Maybe you completed your homework in study hall. Perhaps you secretly texted friends. I remember seeing classmates catnapping behind open textbooks. Did you study for a vocabulary quiz? I imagine the following words might not have been included on your test.
- Default: Default is the point at which debt collection efforts commence when payments have not been made on a loan. Federal student loans default after 270 days, and private student loans default after 120 days. Defaulting on a loan may cause creditors to sue, garnish wages, or seize tax refunds.
- Extended Payment Plans: Borrowers who have more than $30,000 in federal student loans may be eligible for the Extended Repayment Plan. Extensions may be granted by contacting the student loan servicer. If the term of a loan is extended, a borrower may pay more interest over time, but will most likely be able to make smaller monthly payments.
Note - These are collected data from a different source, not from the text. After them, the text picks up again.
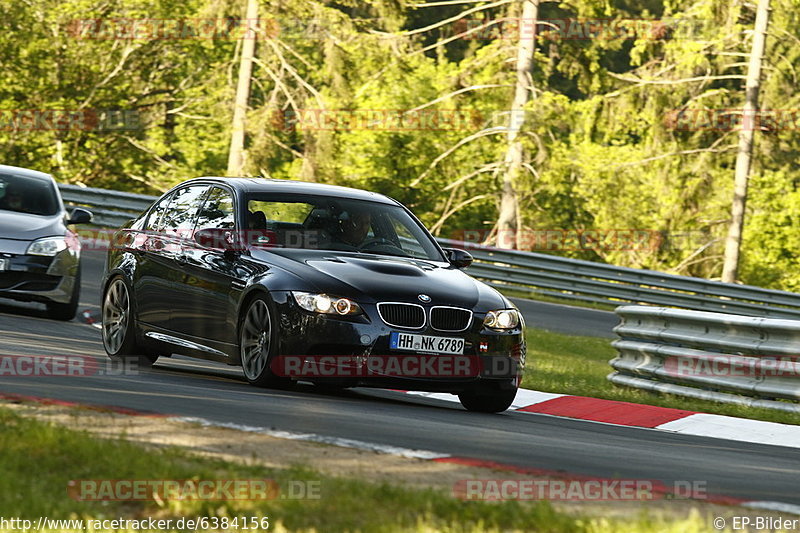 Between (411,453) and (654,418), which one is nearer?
(411,453)

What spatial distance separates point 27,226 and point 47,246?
0.31 meters

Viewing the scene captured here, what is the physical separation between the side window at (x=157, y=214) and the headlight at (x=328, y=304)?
8.54ft

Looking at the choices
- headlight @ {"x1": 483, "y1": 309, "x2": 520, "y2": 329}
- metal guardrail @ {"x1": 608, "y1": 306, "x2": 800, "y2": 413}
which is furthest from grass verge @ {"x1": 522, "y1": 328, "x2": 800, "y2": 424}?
headlight @ {"x1": 483, "y1": 309, "x2": 520, "y2": 329}

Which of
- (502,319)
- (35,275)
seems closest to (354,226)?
(502,319)

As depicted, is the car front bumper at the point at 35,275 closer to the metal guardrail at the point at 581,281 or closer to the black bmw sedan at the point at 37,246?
the black bmw sedan at the point at 37,246

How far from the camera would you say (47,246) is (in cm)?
1416

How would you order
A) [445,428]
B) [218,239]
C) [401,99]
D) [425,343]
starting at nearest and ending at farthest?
[445,428]
[425,343]
[218,239]
[401,99]

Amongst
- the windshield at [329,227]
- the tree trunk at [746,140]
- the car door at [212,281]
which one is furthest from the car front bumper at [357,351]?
the tree trunk at [746,140]

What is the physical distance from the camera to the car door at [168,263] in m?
10.4

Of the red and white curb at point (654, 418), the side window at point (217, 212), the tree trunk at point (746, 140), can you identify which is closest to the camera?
the red and white curb at point (654, 418)

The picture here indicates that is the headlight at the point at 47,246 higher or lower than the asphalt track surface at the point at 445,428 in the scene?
higher

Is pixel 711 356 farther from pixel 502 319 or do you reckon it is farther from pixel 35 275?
pixel 35 275

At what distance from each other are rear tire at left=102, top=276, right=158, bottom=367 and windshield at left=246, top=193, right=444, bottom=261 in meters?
1.69

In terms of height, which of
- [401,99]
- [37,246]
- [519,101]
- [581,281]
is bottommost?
[581,281] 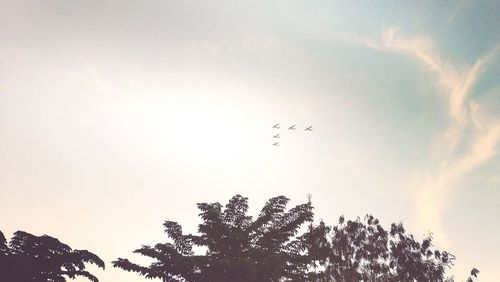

- Forbearance: Student loan forbearance is an option that lets you temporarily pause your monthly student loan payments for up to twelve months. A student loan servicer may have a borrower fill out a form, provide documentation, and will determine if forbearance criteria has been met. As of Feb. 1, 2021, all federal student loan payments and collections have been paused and the interest rate set at 0% due to the economic impact of COVID-19.
- Income-Driven Repayment Plans: Income-driven repayment plans are designed to make student loan debt more manageable by reducing your monthly payment amount. If a borrower needs to make lower monthly payments or if outstanding federal student loan debt represents a significant portion of the borrower’s annual income, there are options. Click here for more information regarding income-driven repayment plans.
We become informed in such varied ways; digitally, in print form, by listening to others, and in the classroom. Impact Capital Funds hopes today’s lesson has provided readers with a clearer sense of the lingo used in the student loan space.
While we seek to inform, we also provide an opportunity for borrowers to refinance their loans. As I think back to my Dad’s adage of “go look it up,” I often wondered why he didn’t just tell me what a word meant. Now I know. He was steering me towards my love of language, a way with words, and the ability to learn for myself and thus, share the knowledge gained with others. Readers…aren’t you lucky?!